1.6 The importance of archaeological grey literature

The prevalence of grey literature in archaeology is due to its many advantages. It is relatively cheap and quick to produce, flexible in terms of format and provides the opportunity for the author to go into considerable detail where necessary. These reports can serve scholars and lay readers alike with research summaries, facts, statistics and other data that often offer a more comprehensive view than a published report (Weintraub 2000).

Those undertaking archaeological research often depend upon archaeological grey literature as the main source of information on recent discoveries. The client report is likely to be the only documentation about a development-led project and must, therefore, serve also as the academic record. In the majority of cases, however, the report is unsuited to this purpose as it is normally designed to answer site-specific questions relating to archaeological survival, rather than broader research questions concerned with interpreting the past (Champion et al. 1995, 12).

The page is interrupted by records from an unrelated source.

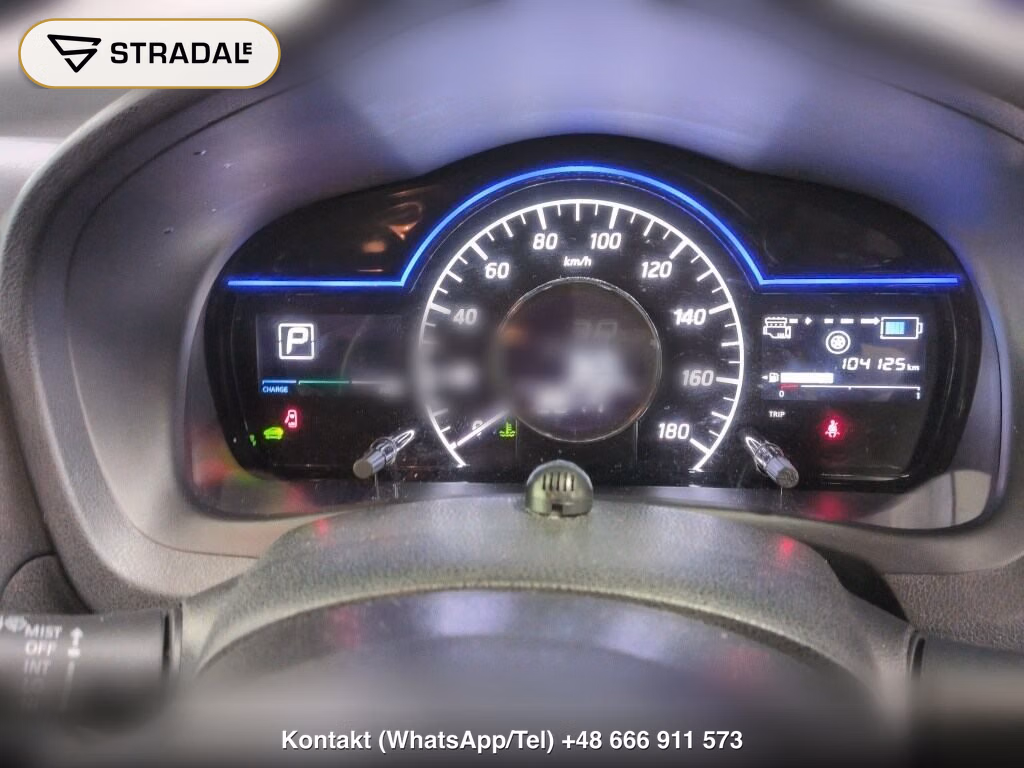 NISSAN NOTE E-POWER X, miniaturka 7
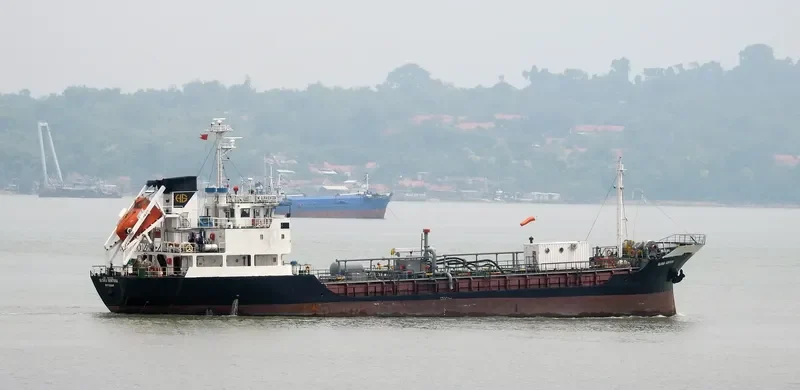 GLORIA SENTOSA Tanker IMO 9047958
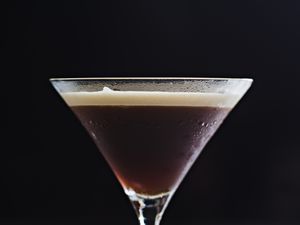 Midnight Martini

Some may argue, therefore, that these reports are not worthy of publication, particularly those containing negative or limited information that is difficult to interpret or assign to a specific period. In a development-control context, however, negative results are essential when providing an assessment of the archaeological potential of a specific site. Analysis of a range of results from projects within an area will help to build up an understanding of the quality and extent of survival of the archaeological resource of a location as an aid to directing further work, predicting the impact of land-use change and informing management.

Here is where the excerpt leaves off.